THE TASK.
For the records below, copy exactly the span that begins at the line containing "収納ロッカー オフィス 学校 病院" and stops after the line containing "David Yurman Sterling", minus any pictures.
· · ·
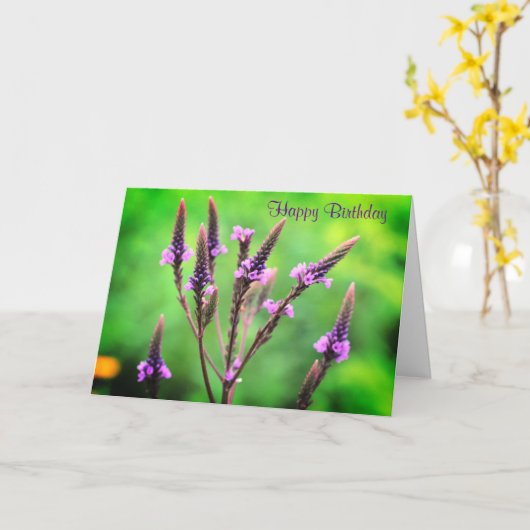 Lovely Wild Vervain Blume Geburtstag Karte (Gelbe Blume)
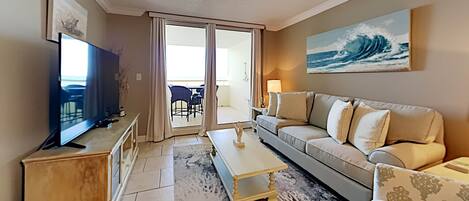 Condo, Multiple Beds, Balcony, Ocean View (#208 - No Pets) | Living area | TV, MP3 dock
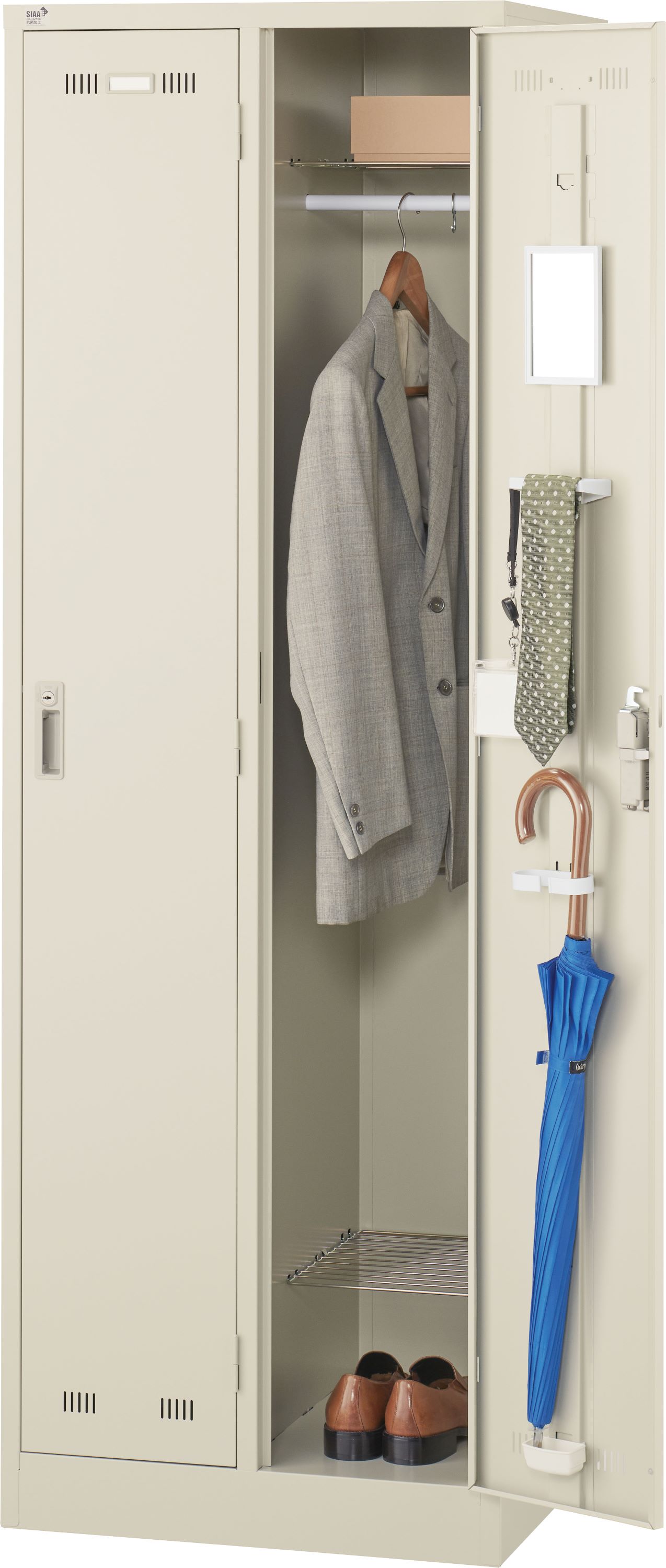 【ポイント10倍★エントリーで全員 スーパーセール限定】生興 SLK-2 2人用ロッカー ニューグレー 更衣室ロッカー スチール製 抗菌加工 ハンガーパイプ 網棚 鏡 傘立付 収納ロッカー オフィス 学校 病院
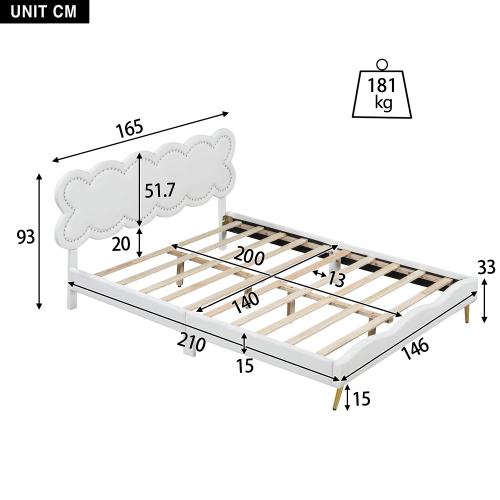 Schlichtes Doppelbett mit gepolstertem Lattenrost-OKWISH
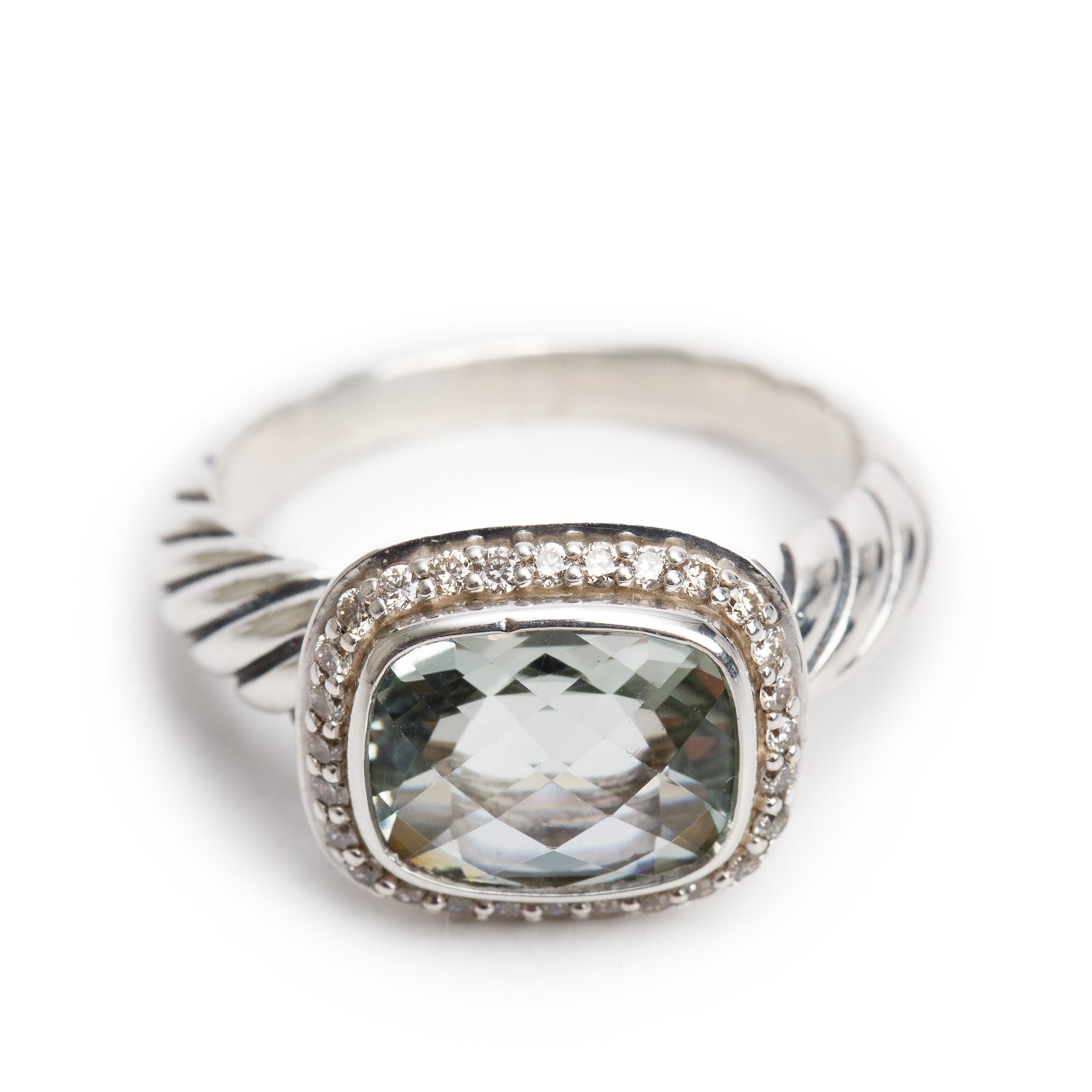 David Yurman Sterling Prasiolite & Diamond Noblesse Cocktail Ring, Size 6.75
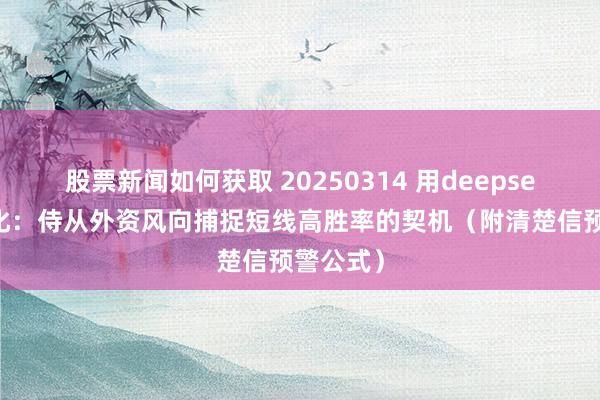 股票新闻如何获取 20250314 用deepseek学量化：侍从外资风向捕捉短线高胜率的契机（附清楚信预警公式）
· · ·
ANSWER.
 【ポイント10倍★エントリーで全員 スーパーセール限定】生興 SLK-2 2人用ロッカー ニューグレー 更衣室ロッカー スチール製 抗菌加工 ハンガーパイプ 網棚 鏡 傘立付 収納ロッカー オフィス 学校 病院
 Schlichtes Doppelbett mit gepolstertem Lattenrost-OKWISH
 David Yurman Sterling Prasiolite & Diamond Noblesse Cocktail Ring, Size 6.75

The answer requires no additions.